The inlet pipe 106 of the housing 10, like the latter, is stationary during operation. In this case, it passes vertically from above through the inlets of the housing 10 into the drum 20 and into the pipe 203 of the distributor 204 of the drum 20, which is concentric with the inlet pipe.

The bearing device 310 may be provided between the inlet pipe 106, which does not rotate during operation, and the rotating pipe 203 of the drum 20 distributor. stabilization of the drum 20 at its upper end during operation. This radial magnetic bearing 311 at the upper end of the drum 20, also called the drum head, easily reduces the possible oscillatory movements of the drum 2. It contains, for example, appropriate magnets distributed circumferentially around the inlet pipe 106 and in the distributor pipe 203, which are arranged radially with respect to each other. each other at certain distances and interact with each other like magnetic bearings.

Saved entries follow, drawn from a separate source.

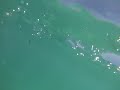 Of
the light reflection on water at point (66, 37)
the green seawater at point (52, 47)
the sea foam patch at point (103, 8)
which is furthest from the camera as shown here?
the light reflection on water at point (66, 37)

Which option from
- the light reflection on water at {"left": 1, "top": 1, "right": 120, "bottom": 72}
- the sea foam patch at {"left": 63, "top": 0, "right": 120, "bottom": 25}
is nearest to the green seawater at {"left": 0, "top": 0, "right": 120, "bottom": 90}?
the light reflection on water at {"left": 1, "top": 1, "right": 120, "bottom": 72}

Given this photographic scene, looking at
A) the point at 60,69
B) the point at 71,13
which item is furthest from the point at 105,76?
the point at 71,13

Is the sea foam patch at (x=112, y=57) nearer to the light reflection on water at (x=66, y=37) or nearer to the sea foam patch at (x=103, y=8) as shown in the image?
the light reflection on water at (x=66, y=37)

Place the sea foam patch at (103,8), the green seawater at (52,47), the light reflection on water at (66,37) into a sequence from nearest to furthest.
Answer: the sea foam patch at (103,8), the green seawater at (52,47), the light reflection on water at (66,37)

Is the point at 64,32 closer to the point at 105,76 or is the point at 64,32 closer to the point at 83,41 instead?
the point at 83,41

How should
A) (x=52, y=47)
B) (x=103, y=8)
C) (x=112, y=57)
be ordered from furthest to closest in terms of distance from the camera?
(x=52, y=47), (x=112, y=57), (x=103, y=8)

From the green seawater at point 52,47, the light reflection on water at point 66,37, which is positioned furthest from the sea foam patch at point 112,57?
the green seawater at point 52,47

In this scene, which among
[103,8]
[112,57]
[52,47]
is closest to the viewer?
[103,8]

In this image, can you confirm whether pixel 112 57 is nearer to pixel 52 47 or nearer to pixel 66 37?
pixel 66 37

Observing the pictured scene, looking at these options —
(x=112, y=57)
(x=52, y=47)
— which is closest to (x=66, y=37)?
(x=52, y=47) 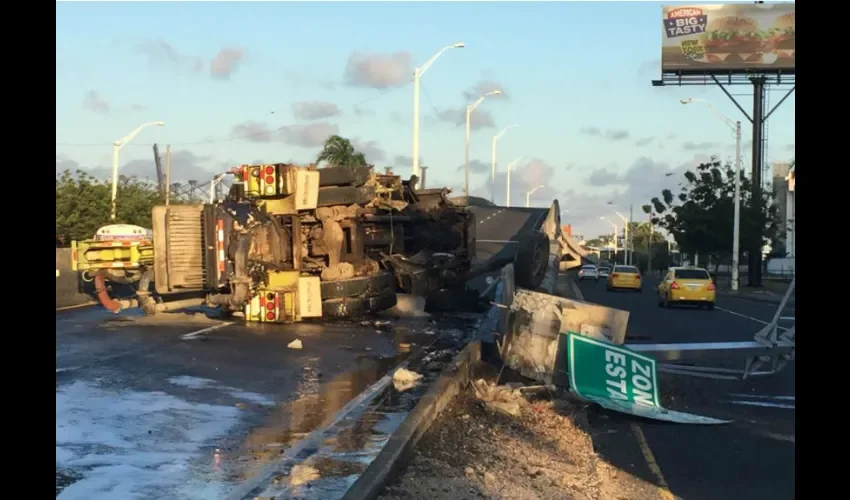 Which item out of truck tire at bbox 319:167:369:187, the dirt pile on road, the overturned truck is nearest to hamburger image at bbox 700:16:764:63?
the overturned truck

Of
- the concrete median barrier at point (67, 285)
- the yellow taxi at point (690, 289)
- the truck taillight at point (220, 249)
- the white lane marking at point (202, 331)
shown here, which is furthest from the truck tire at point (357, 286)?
the yellow taxi at point (690, 289)

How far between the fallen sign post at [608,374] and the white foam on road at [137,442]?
3566mm

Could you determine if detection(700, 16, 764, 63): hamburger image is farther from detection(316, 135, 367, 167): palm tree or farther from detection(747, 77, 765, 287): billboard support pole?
detection(316, 135, 367, 167): palm tree

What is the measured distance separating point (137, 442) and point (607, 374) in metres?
4.98

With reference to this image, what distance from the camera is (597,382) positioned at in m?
10.2

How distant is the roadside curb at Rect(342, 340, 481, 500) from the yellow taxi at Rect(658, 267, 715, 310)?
2126 cm

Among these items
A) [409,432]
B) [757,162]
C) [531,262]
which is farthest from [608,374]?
[757,162]

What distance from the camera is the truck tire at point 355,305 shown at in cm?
1767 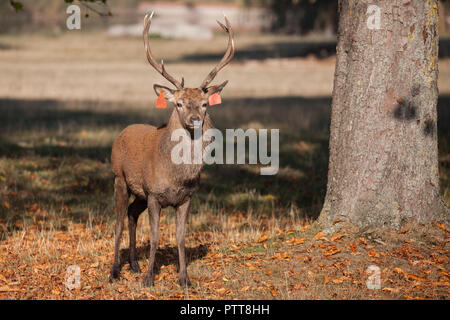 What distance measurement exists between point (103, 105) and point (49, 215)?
11.6m

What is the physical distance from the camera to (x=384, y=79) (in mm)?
7027

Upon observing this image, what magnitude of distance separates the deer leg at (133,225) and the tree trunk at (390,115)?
248 centimetres

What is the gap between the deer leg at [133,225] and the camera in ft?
24.2

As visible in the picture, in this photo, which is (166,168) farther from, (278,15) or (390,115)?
(278,15)

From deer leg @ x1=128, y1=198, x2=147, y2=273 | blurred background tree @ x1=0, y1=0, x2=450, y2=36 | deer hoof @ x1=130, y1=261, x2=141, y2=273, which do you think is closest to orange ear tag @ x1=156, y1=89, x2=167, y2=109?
deer leg @ x1=128, y1=198, x2=147, y2=273

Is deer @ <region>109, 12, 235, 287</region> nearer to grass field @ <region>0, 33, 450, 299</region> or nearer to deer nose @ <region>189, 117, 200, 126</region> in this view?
deer nose @ <region>189, 117, 200, 126</region>

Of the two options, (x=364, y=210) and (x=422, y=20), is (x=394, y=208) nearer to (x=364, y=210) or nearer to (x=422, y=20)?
(x=364, y=210)

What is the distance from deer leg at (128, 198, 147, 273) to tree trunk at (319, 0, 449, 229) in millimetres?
2475

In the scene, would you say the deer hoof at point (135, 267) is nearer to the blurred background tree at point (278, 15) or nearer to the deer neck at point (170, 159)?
the deer neck at point (170, 159)

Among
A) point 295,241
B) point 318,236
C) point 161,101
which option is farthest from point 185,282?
point 161,101

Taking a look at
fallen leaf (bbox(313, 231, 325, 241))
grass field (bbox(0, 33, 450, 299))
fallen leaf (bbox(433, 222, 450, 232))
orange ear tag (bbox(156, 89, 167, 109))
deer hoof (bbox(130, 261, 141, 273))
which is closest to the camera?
grass field (bbox(0, 33, 450, 299))

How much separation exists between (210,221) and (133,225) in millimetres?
2476

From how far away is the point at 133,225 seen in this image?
760 centimetres

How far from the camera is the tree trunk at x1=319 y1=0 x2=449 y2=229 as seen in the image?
6.99 meters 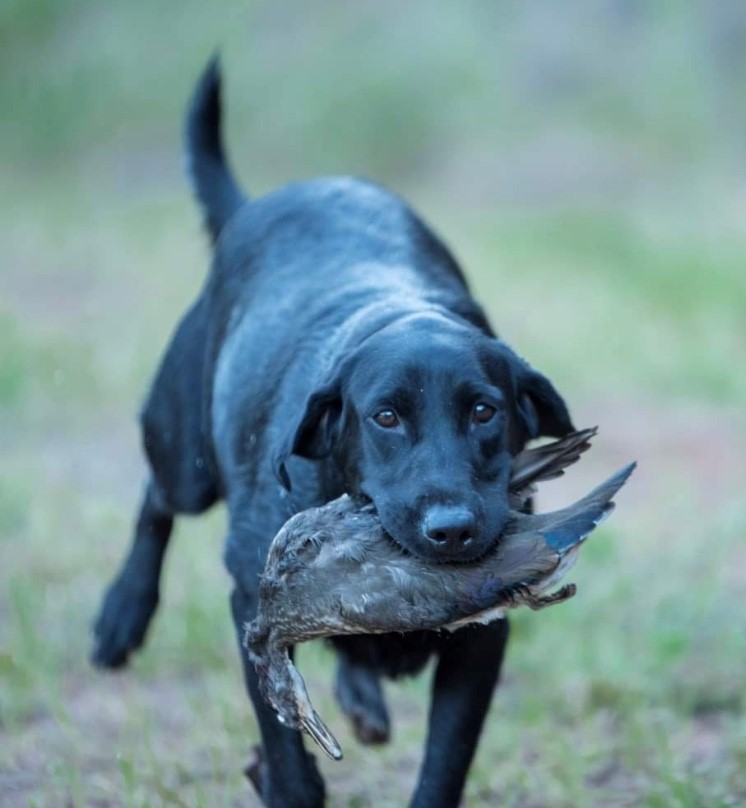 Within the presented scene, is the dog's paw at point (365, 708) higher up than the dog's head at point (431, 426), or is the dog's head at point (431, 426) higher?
the dog's head at point (431, 426)

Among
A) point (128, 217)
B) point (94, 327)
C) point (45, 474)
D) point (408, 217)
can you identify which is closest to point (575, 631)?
point (408, 217)

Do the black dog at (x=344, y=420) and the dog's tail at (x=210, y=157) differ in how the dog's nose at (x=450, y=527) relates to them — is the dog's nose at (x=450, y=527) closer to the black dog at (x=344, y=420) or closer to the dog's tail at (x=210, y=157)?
the black dog at (x=344, y=420)

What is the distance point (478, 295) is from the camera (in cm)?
1145

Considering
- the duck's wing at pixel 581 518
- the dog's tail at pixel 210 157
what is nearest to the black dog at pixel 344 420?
the duck's wing at pixel 581 518

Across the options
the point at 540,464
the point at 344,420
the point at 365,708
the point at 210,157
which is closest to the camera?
the point at 540,464

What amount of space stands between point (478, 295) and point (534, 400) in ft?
25.8

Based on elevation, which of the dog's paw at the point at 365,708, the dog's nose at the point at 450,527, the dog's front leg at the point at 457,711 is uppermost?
the dog's nose at the point at 450,527

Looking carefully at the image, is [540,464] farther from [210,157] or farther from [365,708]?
[210,157]

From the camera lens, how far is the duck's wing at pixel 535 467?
10.8 feet

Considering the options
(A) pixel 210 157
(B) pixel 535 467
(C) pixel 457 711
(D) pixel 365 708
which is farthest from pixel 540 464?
(A) pixel 210 157

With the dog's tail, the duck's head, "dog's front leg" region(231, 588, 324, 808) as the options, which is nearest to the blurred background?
"dog's front leg" region(231, 588, 324, 808)

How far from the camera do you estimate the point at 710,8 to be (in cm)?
1928

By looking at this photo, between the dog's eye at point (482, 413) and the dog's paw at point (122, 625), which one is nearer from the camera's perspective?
the dog's eye at point (482, 413)

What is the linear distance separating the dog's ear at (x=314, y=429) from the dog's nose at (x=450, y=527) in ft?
1.80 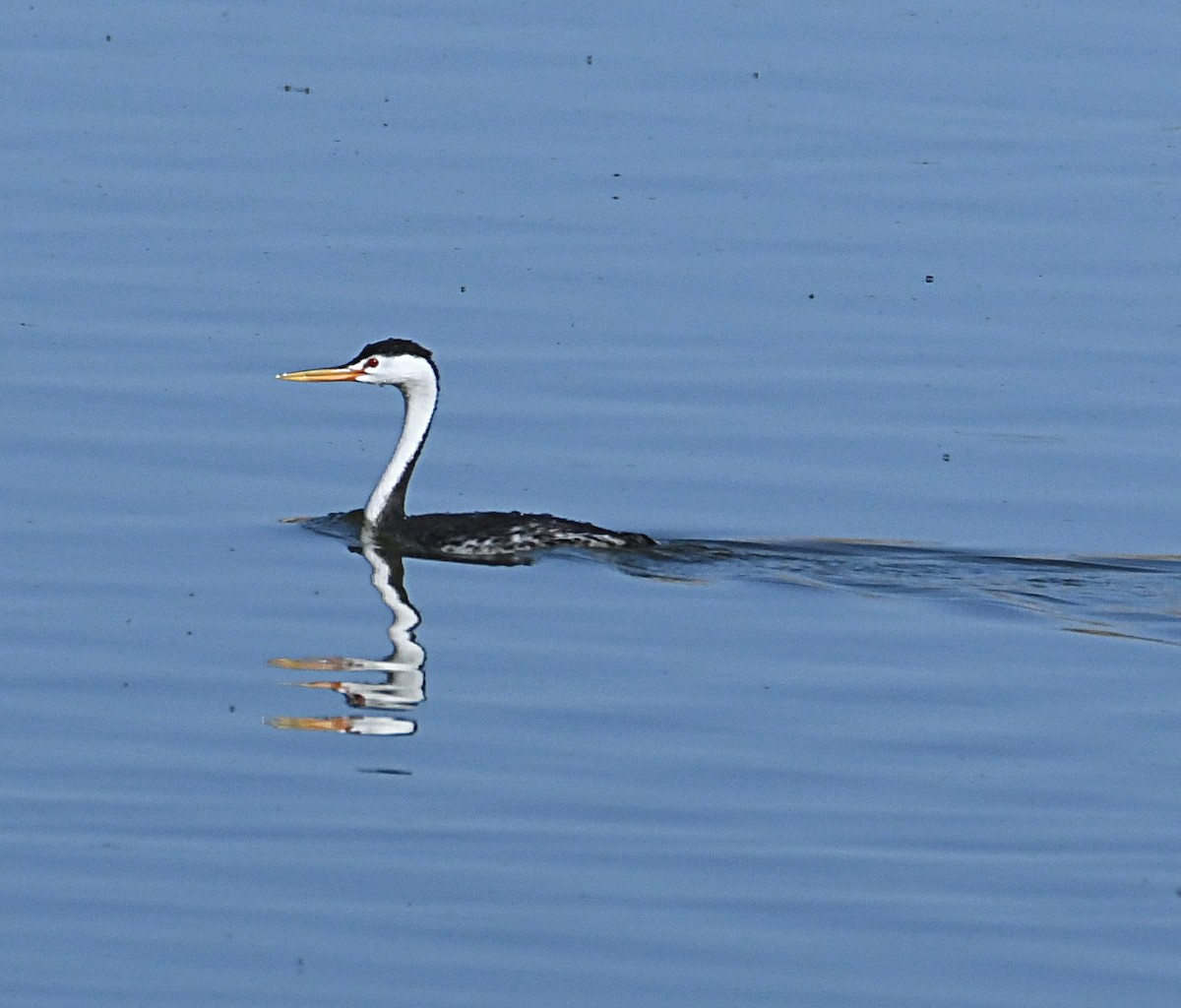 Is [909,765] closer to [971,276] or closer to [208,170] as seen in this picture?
[971,276]

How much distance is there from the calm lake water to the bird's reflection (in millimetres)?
35

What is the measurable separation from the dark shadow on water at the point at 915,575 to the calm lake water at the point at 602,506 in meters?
0.03

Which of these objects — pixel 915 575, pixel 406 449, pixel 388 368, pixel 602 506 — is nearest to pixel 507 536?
pixel 602 506

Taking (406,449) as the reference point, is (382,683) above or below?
below

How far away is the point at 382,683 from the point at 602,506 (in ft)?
9.85

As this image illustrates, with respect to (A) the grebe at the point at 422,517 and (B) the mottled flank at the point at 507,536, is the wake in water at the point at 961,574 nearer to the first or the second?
(B) the mottled flank at the point at 507,536

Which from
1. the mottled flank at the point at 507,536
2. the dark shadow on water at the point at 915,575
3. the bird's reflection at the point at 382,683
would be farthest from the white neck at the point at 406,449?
the bird's reflection at the point at 382,683

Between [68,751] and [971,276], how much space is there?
9.04m

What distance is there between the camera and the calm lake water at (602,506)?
859 centimetres

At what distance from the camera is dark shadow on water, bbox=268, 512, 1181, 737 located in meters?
12.2

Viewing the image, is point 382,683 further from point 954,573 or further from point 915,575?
point 954,573

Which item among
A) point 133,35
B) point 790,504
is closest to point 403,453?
point 790,504

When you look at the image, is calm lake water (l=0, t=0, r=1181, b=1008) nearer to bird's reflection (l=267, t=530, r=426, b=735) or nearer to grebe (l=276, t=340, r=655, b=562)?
bird's reflection (l=267, t=530, r=426, b=735)

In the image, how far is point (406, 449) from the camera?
14.4 metres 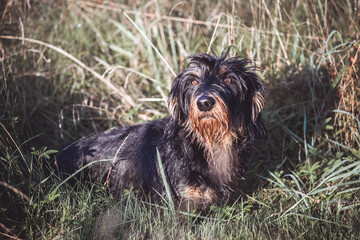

The pipe 203 of the distributor 204 opens downwards into radial distribution channels 205 that lead to a separation chamber or centrifugal chamber 206. A cleaner such as a disk set 207 may be placed in this separation chamber 206. The distributor 204 may have a distributor base 205a which, in in turn, has a lower cylindrical extension 205b which protrudes axially downwards from the drum 20, in particular from its cylindrical section 201.

In the separation chamber 206, the slurry S to be processed, which is fed into the drum 20 through the inlet pipe 106, is separated by centrifugal force into at least two fluid phases LP and HP of different densities during the rotation operation driven by the drum 20. The lower density phase LP flows radially inward in the separation chamber 206, where it is discharged upwards through the first drainage channel 208 into the radial outlet 209 and is ejected radially through the radial outlet 209 from the rotating drum into the first annular chamber 107. Here, the LP phase leaves the drum at a radius ro. From there, it flows out of the housing 10 through the upper outlet 104, moving in a circle in the annular space due to its momentum.

The higher density HP phase flows radially outward in the separation chamber 206 and is directed downward through the separation plate or annular weir 210 into the second drainage channel 211 below the annular weir 210, in this case first radially inwards, and is ejected from there radially out of the rotating drum 20 into the second lower annular chamber 108. From there, this second liquid phase of higher density flows, whirling in the annular space 108 due to its momentum, through the second lower outlet 105 from the housing 10. Here the HP phase leaves the drum at a radius ru. By means of the ratio of ro to ru, the radius of the separation zone between two phases within the disk pack can be adjusted, and thus the flow rates of the individual phases can be controlled. To do this, the radius ru is changed in a simple way using a diaphragm with a hole (not shown here).

In the vertical region between outlets 104 and 105, the housing 10 and drum 20 are separated by an air gap LS. This is advantageous because in this way a high rotational speed of the drum 20 can be achieved relatively easily. The air gap LS is not filled in this area with one of the HP, LP phases to be discharged.

In sealed centrifuges according to the invention, as shown in figure 4, the gas pressure in this air gap can be reduced using a vacuum device in an additional embodiment. This reduces the air friction of the rotating drum and hence the required drive energy for the drum. To do this, a negative pressure device can be connected, for example, in the lower section 101 of the housing 10 (not shown).

In another embodiment of the sealed centrifuges according to the invention, as shown in FIG. 4, the air in the air gap (LS) can be replaced by a gas with a lower density than air, such as helium. This reduces the air friction of the rotating drum and hence the required drive energy for the drum. For this, an appropriate gas source can be connected, for example, in the lower section 101 of the housing 10 (not shown).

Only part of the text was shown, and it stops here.